TASK TO COMPLETE:
Please restate each line of the material word for word and omit any pictures.

DATA SEGMENT:

● ● ● ● ●

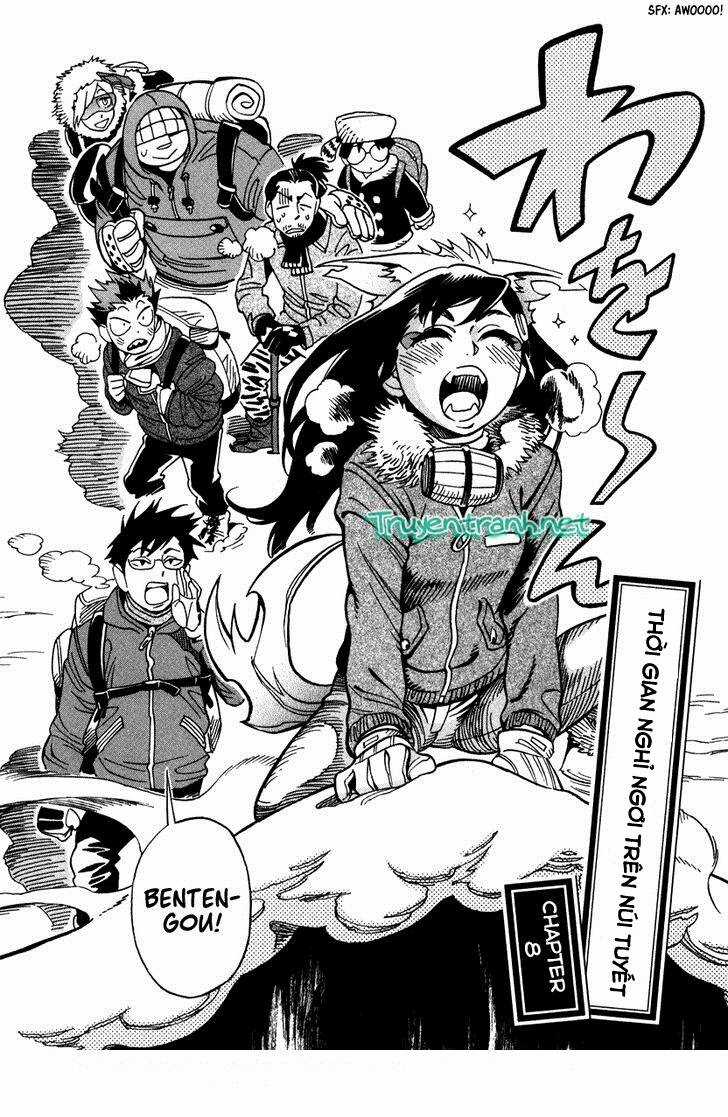 Cô Gái Trừ Ma - Chapter 8 - Trang 3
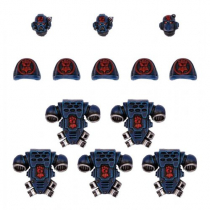 CRIMSON FISTS TACTICAL SQUAD UPGRADE PACK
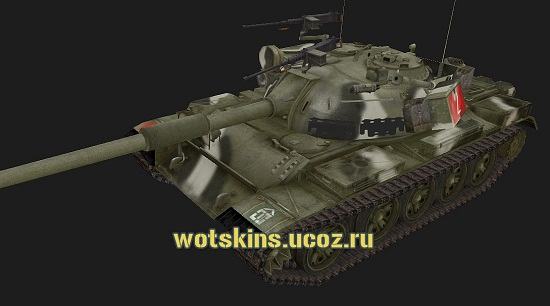 Type 59 #75 для игры World Of Tanks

● ● ● ● ●

WRITTEN ANSWER:
 Cô Gái Trừ Ma - Chapter 8 - Trang 3
 CRIMSON FISTS TACTICAL SQUAD UPGRADE PACK
 Type 59 #75 для игры World Of Tanks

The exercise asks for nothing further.